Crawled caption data
--- START ---

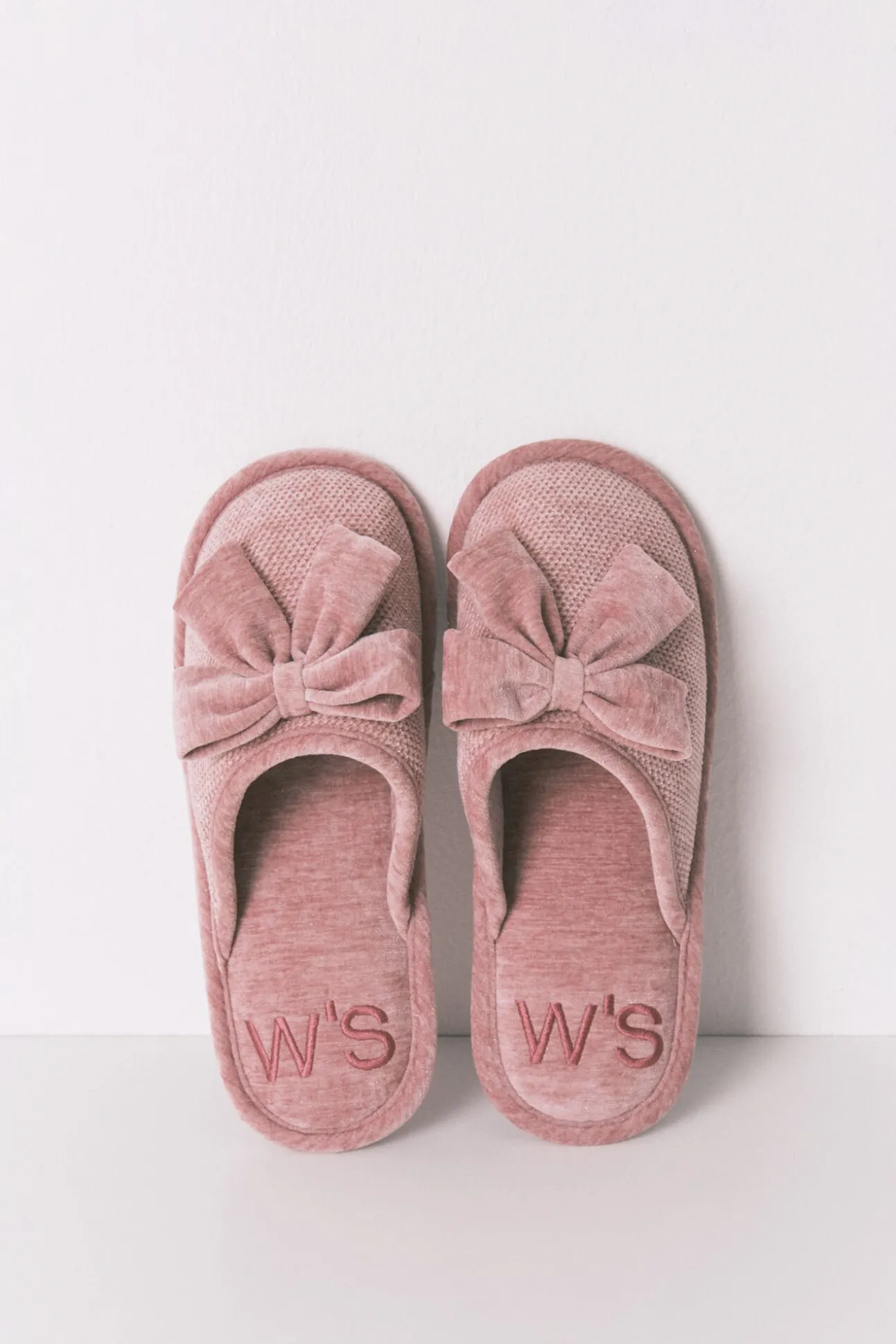 Zapatillas cerradas chenilla rosa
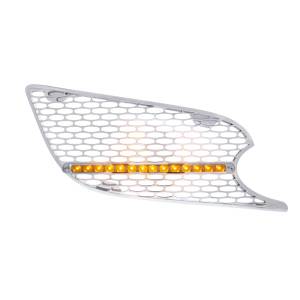 UNITED PACIFIC - 41782 - REJILLA DE ENTRADA DE AIRE CROMADA CON LUZ LED PARA PETERBILT 579 (PASAJERO) 2012-2021 - LED ÁMBAR/LENTE TRANSPARENTE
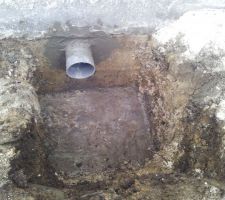 Dalle regard derrière et tube sous vs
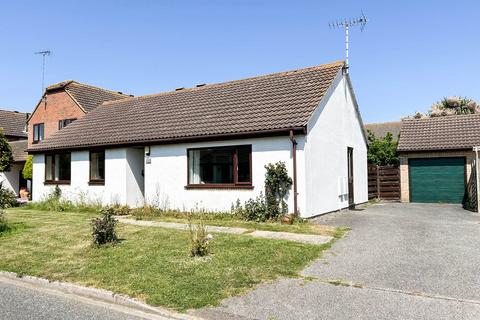3 bed property, in Aldwick Felds, £380,000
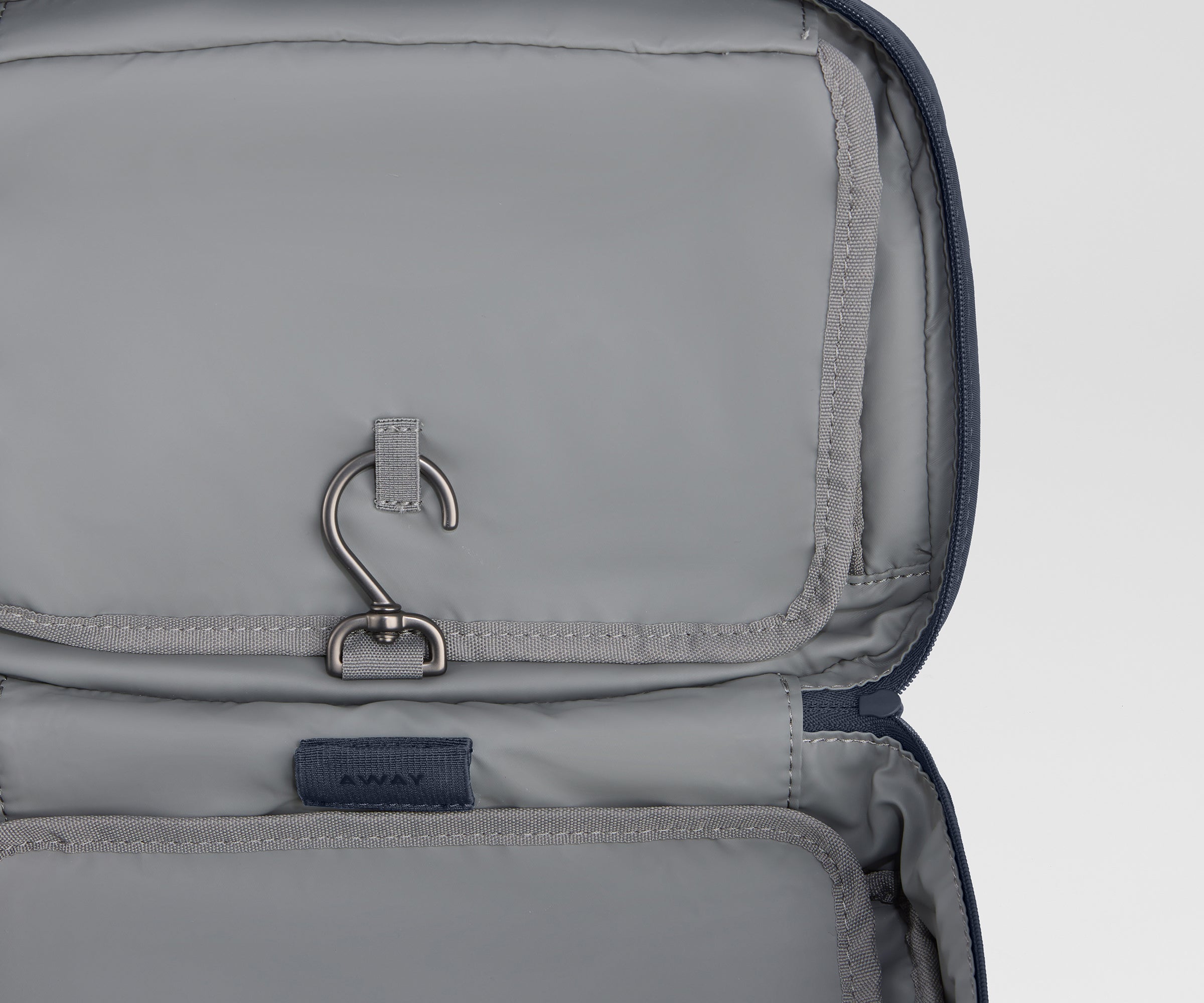 away-hanging-trousse-de-toilette-suspendue-bleu-marine image 3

--- END ---

### TASK TO CARRY OUT
What the response needs is every entry, repeated exactly, and none of the pictures.

### ANSWER TO THIS TASK
 Zapatillas cerradas chenilla rosa
 UNITED PACIFIC - 41782 - REJILLA DE ENTRADA DE AIRE CROMADA CON LUZ LED PARA PETERBILT 579 (PASAJERO) 2012-2021 - LED ÁMBAR/LENTE TRANSPARENTE
 Dalle regard derrière et tube sous vs
3 bed property, in Aldwick Felds, £380,000
 away-hanging-trousse-de-toilette-suspendue-bleu-marine image 3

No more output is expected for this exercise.